Какой потрясающий визуальный улов из одной прогулки, занявшей несколько минут! Но и четыре картины, которые вполне могли бы принадлежать Юзефу Чапскому: длинный ярко-желтый фургон с сине-черной надписью, запряженный желтым же трактором; шкап с зеркалом, отражающим небо, которое несут носильщики; связанное пианино, лежащее на спине в черном провале фургона; вид из окна собственной комнаты. Мне тогда пришло в голову, что название романа Набокова относится к дару видения, к тем мгновениям, когда свечение и обаяние повседневной реальности, банальной, быть может, даже уродливой для того, кто не видит, а лишь смотрит, наполняют нежностью к жизни, ибо она единственна и неповторима. Нечто подобное имел в виду Пруст, описывая свои moments bienhereux, благословенные мгновения, неизменно вызванные чувственным переживанием: будь то вкус легендарного печенья «мадлен», неровные плитки во дворе особняка принца де Германт, звон серебра в соседней комнате или вид двух колоколен Мартенвиля, трех деревьев по дороге в Юдемениль, цветущий куст боярышника в окрестностях Бальбека.

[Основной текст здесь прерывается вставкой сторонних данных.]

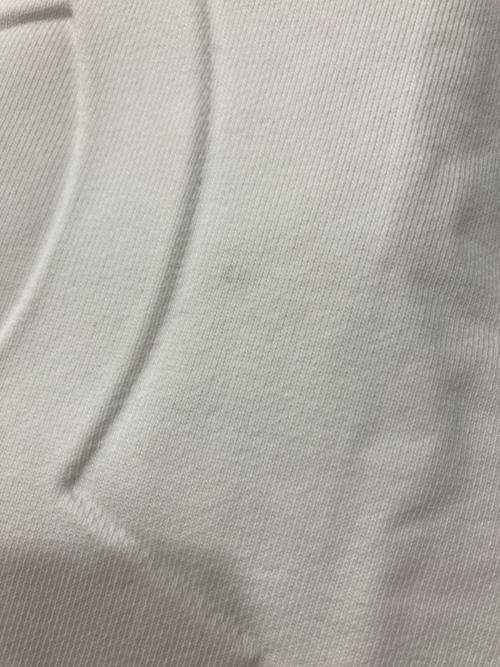 OY（オーワイ）OY (オーワイ) クルーネックスウェット ホワイト サイズ:不明の古着・服飾アイテム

Милый Юзек! Нас много — тех, кому Твой дар видеть, воплощенный в знаках Твоей живописи, помог распознать другие знаки, заключенные в окружающей нас действительности, адресованные зарождающейся в полумраке чувств интуиции, невольной памяти, воображению. Твое творчество — ценный указатель на пути к неуловимым благословенным мгновениям нашей жизни. За этот Твой дар, в канун Твоих именин, я горячо Тебя благодарю.